To be accused of dishonesty, mendaciousness, deceits, stereotyping, and bigotry by Alan Dershowitz is a mild form of torture, easily rebutted (Letters, THES , November 1). His letter responds to none of my serious objections to his theses in his book, Why Terrorism Works (Books, THES October 4), including the assertion that "our European allies made September 11 inevitable"; the dangerous consequences of following his advice to refuse to understand the causes of terrorism, or of not differentiating it for policy purposes. Plainly he thought it easier to abuse the reviewer than reply to the arguments.

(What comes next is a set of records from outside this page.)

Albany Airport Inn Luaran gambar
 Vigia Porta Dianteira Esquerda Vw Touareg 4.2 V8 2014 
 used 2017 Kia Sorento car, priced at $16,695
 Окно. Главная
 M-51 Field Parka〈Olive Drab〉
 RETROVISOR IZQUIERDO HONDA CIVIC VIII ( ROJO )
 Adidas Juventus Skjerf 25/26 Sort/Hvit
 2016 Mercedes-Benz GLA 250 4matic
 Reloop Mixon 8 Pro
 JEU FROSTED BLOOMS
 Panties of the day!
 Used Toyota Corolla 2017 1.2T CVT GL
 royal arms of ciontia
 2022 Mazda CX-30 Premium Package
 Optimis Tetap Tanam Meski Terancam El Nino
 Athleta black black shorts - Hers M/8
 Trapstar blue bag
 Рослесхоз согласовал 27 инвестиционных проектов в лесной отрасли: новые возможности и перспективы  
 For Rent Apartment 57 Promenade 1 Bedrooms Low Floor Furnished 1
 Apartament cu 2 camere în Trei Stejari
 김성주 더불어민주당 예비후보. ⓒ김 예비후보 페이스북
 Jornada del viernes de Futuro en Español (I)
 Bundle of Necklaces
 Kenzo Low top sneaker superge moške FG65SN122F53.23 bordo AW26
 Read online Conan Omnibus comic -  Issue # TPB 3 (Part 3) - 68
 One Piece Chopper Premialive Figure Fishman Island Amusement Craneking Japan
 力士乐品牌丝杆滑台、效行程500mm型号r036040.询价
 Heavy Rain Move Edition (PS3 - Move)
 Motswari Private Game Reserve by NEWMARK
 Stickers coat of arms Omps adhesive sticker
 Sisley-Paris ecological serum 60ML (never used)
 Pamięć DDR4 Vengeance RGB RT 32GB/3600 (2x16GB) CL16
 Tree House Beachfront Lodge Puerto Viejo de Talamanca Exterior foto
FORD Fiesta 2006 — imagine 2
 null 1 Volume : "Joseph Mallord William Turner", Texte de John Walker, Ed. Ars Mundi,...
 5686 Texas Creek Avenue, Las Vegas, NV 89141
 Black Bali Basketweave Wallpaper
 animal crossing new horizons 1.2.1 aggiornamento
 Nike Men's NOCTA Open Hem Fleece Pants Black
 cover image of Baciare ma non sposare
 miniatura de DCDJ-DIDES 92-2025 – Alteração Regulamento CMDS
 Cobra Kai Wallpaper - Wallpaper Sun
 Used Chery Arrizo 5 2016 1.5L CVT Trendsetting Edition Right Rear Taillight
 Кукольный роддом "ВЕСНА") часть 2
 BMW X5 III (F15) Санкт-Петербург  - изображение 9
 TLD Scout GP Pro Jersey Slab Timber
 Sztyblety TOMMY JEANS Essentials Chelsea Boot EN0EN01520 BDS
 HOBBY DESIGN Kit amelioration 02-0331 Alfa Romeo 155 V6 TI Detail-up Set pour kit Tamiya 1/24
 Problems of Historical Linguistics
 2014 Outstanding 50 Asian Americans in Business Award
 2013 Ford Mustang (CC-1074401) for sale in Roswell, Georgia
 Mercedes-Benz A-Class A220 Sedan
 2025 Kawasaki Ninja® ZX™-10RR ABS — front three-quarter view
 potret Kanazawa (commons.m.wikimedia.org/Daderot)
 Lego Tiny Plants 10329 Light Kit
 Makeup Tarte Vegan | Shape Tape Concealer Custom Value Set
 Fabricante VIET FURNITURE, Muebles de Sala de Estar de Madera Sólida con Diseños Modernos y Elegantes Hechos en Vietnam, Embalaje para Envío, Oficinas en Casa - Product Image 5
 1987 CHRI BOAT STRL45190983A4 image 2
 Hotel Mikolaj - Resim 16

In the passage he cites I said that he makes "outrageous suggestions, from which he withdraws after he thinks he has stretched the limits of the reasonable". That is part of my argument that his book is an exploitation of the aftermath of the massacres of September 11. His rhetorical strategy is to soften us up for hard-line policies: that is what I conveyed, accurately, and without misrepresentation. He complains I did not quote his chapter titled "How an amoral society could fight terrorism". True: I only quoted one of his chapter headings, the one on Europe, because it was the most outrageous, the most provocative, and because the THES is a European journal. My passage that he cites is not as he wrongly says, a paragraph in his book. It describes the sub-headings in the chapter - and glosses the one that follows. Only a strange reader would fail to notice these are policies an amoral society would endorse. Perhaps Dershowitz needs guidance on amorality.

He appears to want to have his cake and eat it with his headings and sub-headings, deciding which audience to appeal to with different emphases. Two can play his games. His chapter on torture has a sub-heading "The Case for Torturing the Ticking Bomb Terrorist". There is no sub-heading for the arguments against. But, I did not rely on that to form my judgment of what he says. Instead I read him.

Under the sub-heading ‘How I began to think about torture’ he writes he originated a ‘controversial proposal’, about a torture warrant. He says that he did not see it as ‘a compromise with civil liberties but rather as an effort to maximize civil liberties in the face the realistic likelihood that torture would, in fact, take place’. But, the fact that he does not see his position as a compromise with civil liberties is not one that a reviewer or a sensible reader must accept.

I never wrote that Dershowitz supports terrorism (a careless invention on his part), just that he appears to admire deeply many who have considered and implemented counter-terrorism. What he provides is a constitutional warrant for torture - yes in limited circumstances, but a warrant. It is (and here I self-consciously stereotype) a lawyer’s trick to say he opposes all torture but in parentheses that are much longer than the statement add that if it ‘twere done, ‘twere better done his way, with a needle in the finger tips and with judicial oversight.

Dershowitz dislikes the neo-conservative label. In the US, neo-conservatives in foreign policy are usually rather uncritical supporters of Israeli policies. He fits this description. Dershowitz’s arguments abandon liberalism, especially its fundamentalism about civil liberties, when it matters - and that is right now. Being a supporter - or member of - the Democratic party does not immunize one from neo-conservatism; and saying you are a liberal does not make you a liberal.

He complains I dislike him because he ‘generally supports’ Israel, and suggests I ethnically stereotype him. Not so. I have formed my appraisal of Dershowitz’s views, rather than person, from his book, and now from his letter, and limited research I have done on his public statements. I have found for instance that he is reported in Forward (June 7 2002 ), a mainstream Jewish American newspaper, as "favouring the limited use of torture to extract information about an impending terrorist attack", and as believing that another attorney’s proposal to execute the family members of suicide bombers represented a ‘legitimate attempt to forge a policy for stopping terrorism’. Perhaps he will insist that these stories, too, cite his positions out of context; but when an experienced advocate is repeatedly misunderstood, it seems likely that he is not being misunderstood.

As for Israel: I oppose its current policies towards Palestinians, both inside and outside of Israel’s internationally recognized borders, and I believe it needs friends with better arguments and better manners than Dershowitz.